El Gobierno de Pedro Sánchez volverá a utilizar un decreto ómnibus para vincular la revalorización de las pensiones con ayudas a los llamados inquiokupas, una maniobra que el Partido Popular considera un nuevo episodio de chantaje parlamentario. El Ejecutivo pretende llevar este paquete legislativo al Congreso el próximo 27 de enero, confiando en el respaldo de sus socios de investidura para forzar la posición del PP.
El texto del decreto mezcla la actualización de las pensiones y de las cotizaciones sociales con otras medidas de carácter social, como la protección a inquilinos en situación de impago, la prórroga de las ayudas al transporte público y la extensión del bono social eléctrico.
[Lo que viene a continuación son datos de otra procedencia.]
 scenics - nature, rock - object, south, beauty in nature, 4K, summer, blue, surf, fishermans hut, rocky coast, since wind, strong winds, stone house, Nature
Desde la oposición denuncian que esta estrategia busca obligar a los populares a votar a favor del conjunto del decreto o asumir el coste político de una eventual congelación de las pensiones.
Fuentes parlamentarias señalan que el Ejecutivo pretende repetir una fórmula ya habitual en esta legislatura, concentrando medidas de amplio consenso con otras altamente polémicas para sortear su debilidad en el Congreso. El Gobierno confía en que el miedo a un desgaste social fuerce el respaldo del PP o, en su defecto, le permita responsabilizarle públicamente del bloqueo.
Desde el Grupo Popular califican el decreto como una “trampa legislativa” y advierten de que se trata de un intento de instrumentalizar a más de seis millones de pensionistas para colar medidas que, de tramitarse por separado, no contarían con mayoría suficiente. Recuerdan además que el Congreso deberá votar el texto en bloque y que solo en caso de rechazo podría fragmentarse para su tramitación posterior como proyecto de ley, una vía que rara vez prospera.
La estrategia del Gobierno, según el PP, responde a la falta de mayorías estables y a la necesidad de preservar el relato político frente a una oposición que rechaza ligar la subida de las pensiones a medidas que consideran ideológicas y ajenas a la protección de los jubilados.